Cardozo desperate to play for all the right reasons
Of all the IGA National Premier Leagues NSW Mens 1 competition players, Rockdale City Suns striker Richie Cardozo is perhaps one of the coolest, most laid back customers there is out there on the playing field – seriously, nothing fazes him!
But rule him out with injury, make him sit in the grandstand and watch on as his teammates fight tooth and nail in a bid to secure a maiden grand final berth and you’ll get to know a completely different side to Richie Cardozo.
Cruelly denied a chance to take the field in last Sunday’s preliminary semi-final game against Sydney United 58 FC due to a last minute ankle injury sustained in the Suns’ final training session, the normally cool, calm and collected Cardozo was forced to agonisingly watch the game from the stands as he literally rode every one of those 120 minutes and the ensuing penalty shootout.

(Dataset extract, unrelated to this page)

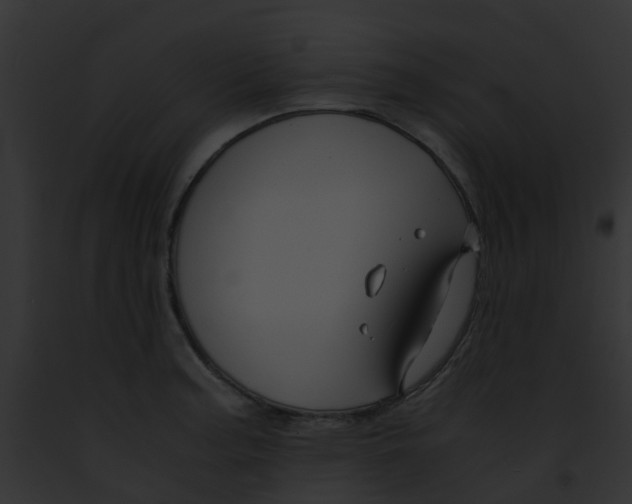 X0000091881187200710031115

“To be honest, never in my life have I been nervous playing a game – whether it’s senior debut, U17 World Cup, NSL or State teams, but watching that game last Sunday… well let’s just say I really don’t want to have to go through that experience again,” explained a relieved Cardozo who was ecstatic when teammate Nikola Taneski slipped the ball past Sydney United 58 keeper Liam Reddy in the last of the penalty shootout shots to secure his side a grand final berth.
Despite the injury setback, Cardozo remains optimistic of lining up for the Suns come next Sunday afternoon and openly states that whilst it is ultimately coach Branko Culina’s decision, ‘it will take something pretty dramatic’ for him to miss out on the ‘game of the season’.
“It’s been a while since I last played in a grand final,” conceded Cardozo.
“We came close in the Victorian Premier League a few years back when in 2011 we lost in the preliminary final on a penalty shootout and the year before we went down 2-1 again in the same game.
"I guess the last time I played in a grand final it was as a 17-year-old back in 2004 when I was playing for the Stanmore Hawks which we won, so yeah, it’s been a long time since I last played in one which makes me all that more determined to play in this grand final.”
While the Suns may have their work cut out for them come Sunday against the in-form Bonnyrigg White Eagles, Cardozo faces his own personal battle as he races the clock against injury in a bid to play in his first grand final in almost ten years, but should he make the field and the Suns eventually prevail as victors then Cardozo has promised to celebrate by “thanking God for what has just happened and the season that has just gone, and in the same breath, asking for forgiveness for what is about to occur…”
Let’s just hope for the Suns’ sake that their star striker is fit and ready to play – because we’d hate to see what a grand final in the grandstand would do to someone like Cardozo!